Комичность чудовища не должна вводить зрителя в заблуждение: скорее всего, Гендель и не намеревался писать настоящего монстра с когтями, чешуей и страшной пастью. Тот с самого начала был картонным: дело в том, что в дистиллированном виде опера seria и не могла существовать в Англии – она дышала воздухом и порядками католической Европы, важной ее частью было роскошное[124] пение кастратов, она ассоциировалась с аристократическими причудами, с чудесами и люксусом и была очень далека от рациональной и пуритански настроенной английской публики.
Опера нищего
Почти за десятилетие до «Джустино» и других поздних опер Генделя в Англии появилась и наделала шума знаменитая «Опера нищего», созданная двумя Джонами – антрепренером Джоном Ричем и автором музыки Джоном Геем. Это было специфически английское явление, получившее название ballad opera – балладная опера и позже распространившееся за пределы Англии. «Опера нищего» представляла собой три акта развеселого театрального фарса, укрытого лоскутным одеялом из десятков мелодий, известных каждому в зале, – песен из популярного сборника, народных шотландских и ирландских баллад, церковных гимнов. Туда же входила нарезка из спародированных арий из опер seria, включая, разумеется, очень популярного в Англии Генделя.

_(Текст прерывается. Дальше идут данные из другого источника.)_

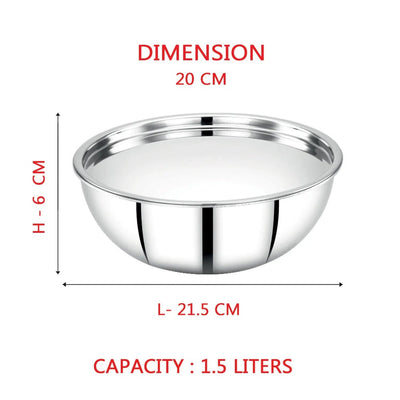 AVIAS Stainless steel Tri-Ply Riara (Tasla 20cm + Tasla 22cm + Frypan 22cm + Tope 14cm + Tope 16cm) | Induction Compatible | Silver | Set of  5 Pcs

Джон Гей знал, над чем смеется, – он был прекрасно знаком с итальянской оперной традицией и принимал участие в создании генделевского «Ациса и Галатеи» в 1719 г. «Опера нищего» прошла больше 60 раз за сезон и оказалась коммерческой бомбой. После проекта Рича – Гея были изданы и исполнялись на лондонских сценах порядка 80 аналогичных «опер». В какой-то момент возникла необходимость контролировать их содержание: веселье дошло до того, что в 1737 г. был принят закон о театральных лицензиях, согласно которому все сценические постановки должны были быть одобрены сверху, была введена цензура, и часть театров закрылась.

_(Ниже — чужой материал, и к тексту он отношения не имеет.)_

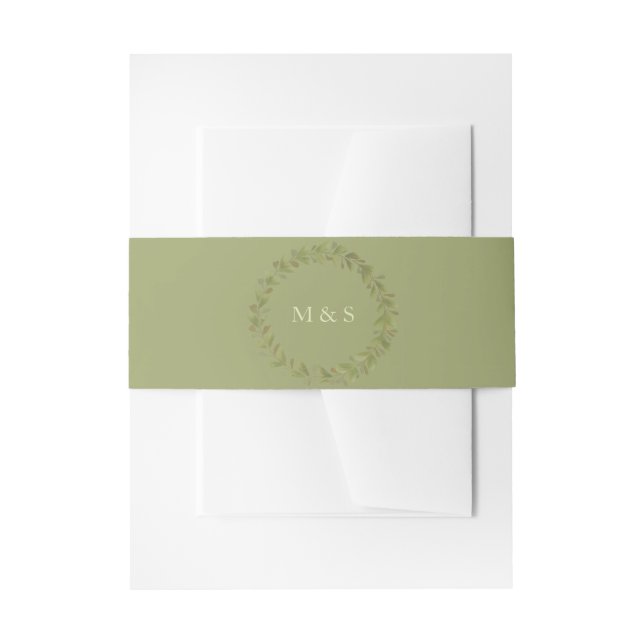 Elegant Monochromatic Pastel Earthy Personalised Invitation Belly Band (Front Example)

Балладные оперы продолжали обсмеивать итальянщину и в музыкальном смысле часто черпали непосредственно у Генделя. Напрашивается мысль, что это могло уязвить его или нанести урон его композиторскому престижу. Произошло обратное: оригинал и шарж одинаково нравились публике и неожиданным образом работали друг на друга. На деньги, вырученные с «Оперы нищего», Джон Рич отстроил театр Ковент-Гарден – самую знаменитую оперную сцену Лондона (сначала он назывался «Королевский театр»). Безусловно, Гендель чувствовал конкуренцию: об этом говорит обилие чудес, танцев, призраков и превращений в его операх 1730-х гг. по сравнению с более ранними, написанными для Королевской академии – например, с драматической «Роделиндой» и «Юлием Цезарем» (1724).
Начиная с сезона 1734 г. Рич, которому сложно отказать в коммерческом чутье, заключает партнерство с Генделем: в понедельник в его театре могла идти опера seria, а во вторник – пародирующая ее балладная опера. Так получилось и с «Джустино»: через несколько месяцев после премьеры на той же сцене появилась комедийная сенсация 1737 г. – бурлеска «Дракон из Уонтли», к тому же написанная фаготистом из генделевского оркестра. Под помпезную псевдоустрашающую музыку ее герои тоже встречались с чудовищем, частично навеянным «Джустино». «Дракон из Уонтли» оказался самой популярной оперной комедией после «Оперы нищего» и продержался на сцене несколько десятков лет.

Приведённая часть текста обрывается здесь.